***** Exercise input *****

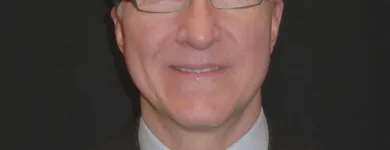 Business 2 image PUGET SOUND PLASTIC SURGERY Physicians & Surgeons, Cosmetic Surgery in Federal Way WA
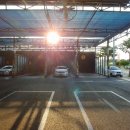 백석셀프세차장 이미지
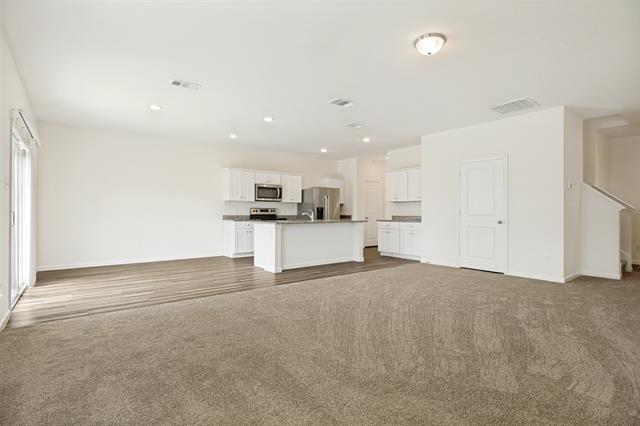 Photo - 1702 Marquette Dr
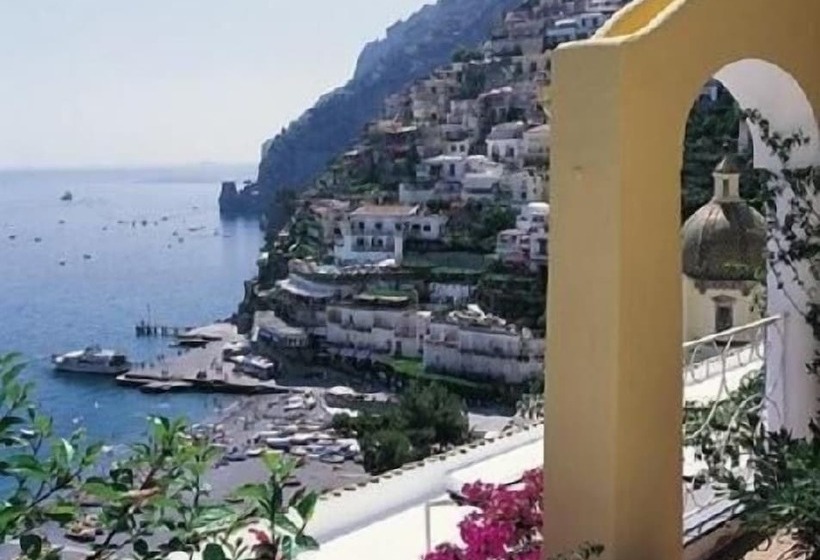 فندق L Ancora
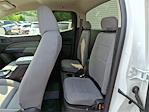 2020 Chevrolet Colorado Extended Cab 4x4 Pickup for sale #P2962 - photo 9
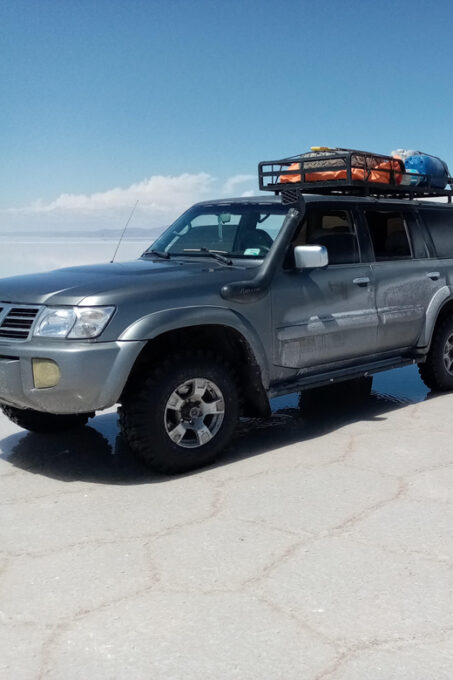 Tour San Pedro De Atacama: Salar De Uyuni / San Pedro Atacama - Frequently Asked Questions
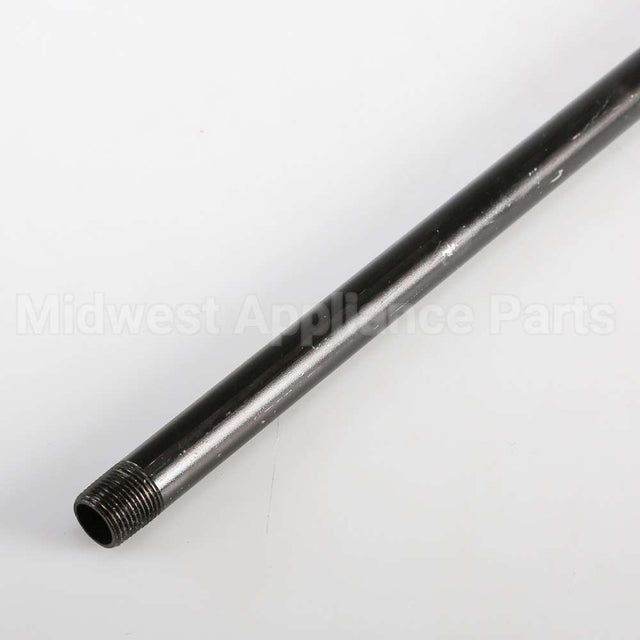 WPW10118347 Whirlpool Valve-Gas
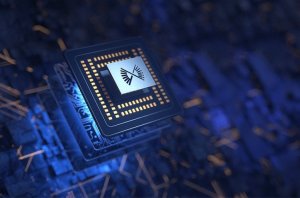 Ставшая независимой Arm China выпустила универсальные вычислительные блоки для робомобилей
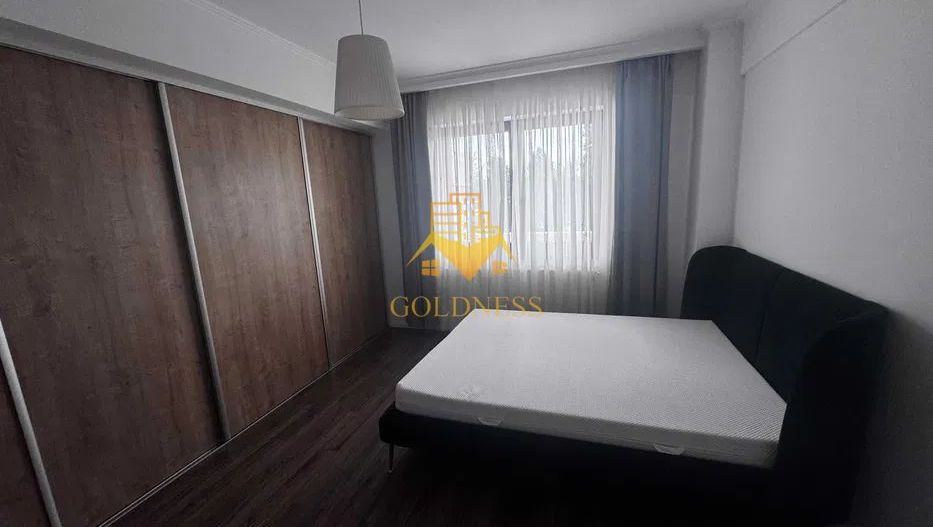 2 camere open space, Terasa,Cartierul Europa, Calea turzii, Mega image - Poză 5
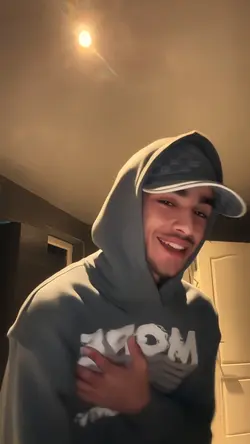 SLOWMO KAVKAZ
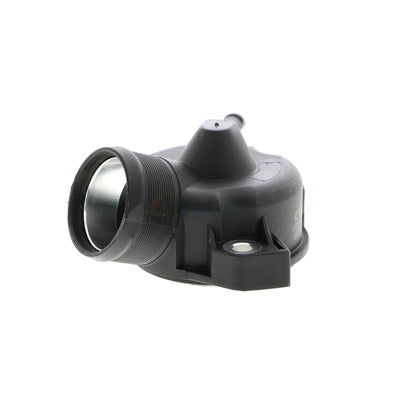 Vemo Engine Coolant Thermostat Housing Cover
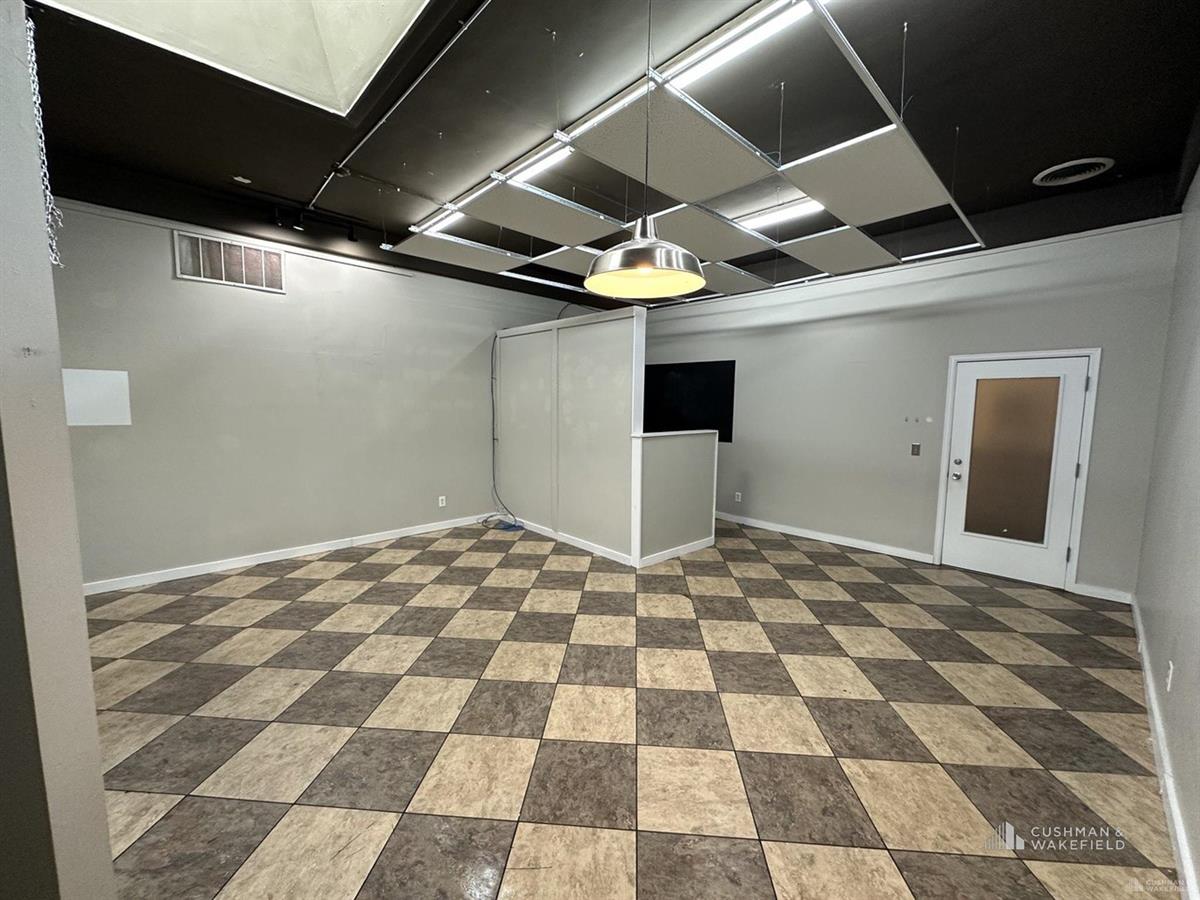 Fort Collins - Retail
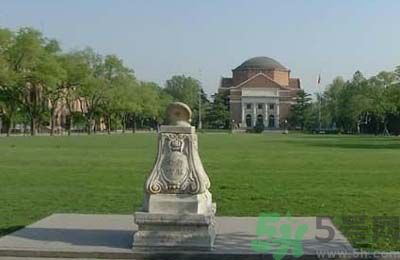 清華取消北大培文杯非原創(chuàng)考生自招資格是怎么回事？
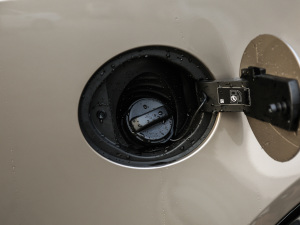 2021360PS R-Dynamic SE ^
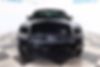 1ZVBP8AM9E5223620-2014-ford-mustang-2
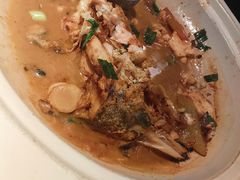 -梁家大院•农家菜(昆山会展中心店)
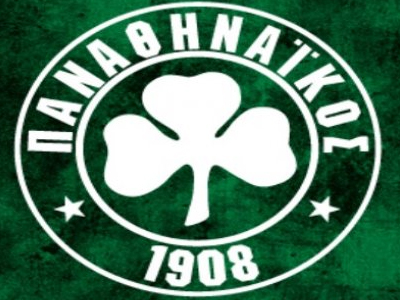 Επέστρεψε τα εισιτήρια ο Παναθηναϊκός!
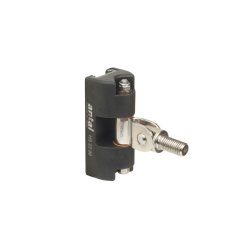 Antal top sejlpinds-vogn HS22.60 Racing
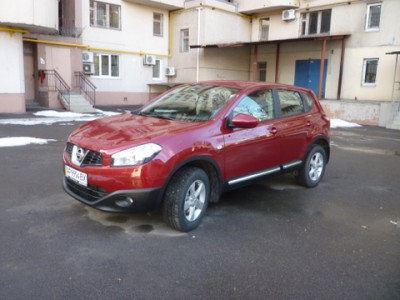 P1000150.JPG (119.06 KiB) Просмотров: 2294 P1000150.JPG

*****

▶ _Work instruction_
Go to the line containing "1ZVBP8AM9E5223620-2014-ford-mustang-2", then write out word for word every line from there to the end of the listing. Keep both end lines and drop the pictures.

▶ _Solution to this exercise_
 1ZVBP8AM9E5223620-2014-ford-mustang-2
 -梁家大院•农家菜(昆山会展中心店)
 Επέστρεψε τα εισιτήρια ο Παναθηναϊκός!
 Antal top sejlpinds-vogn HS22.60 Racing
 P1000150.JPG (119.06 KiB) Просмотров: 2294 P1000150.JPG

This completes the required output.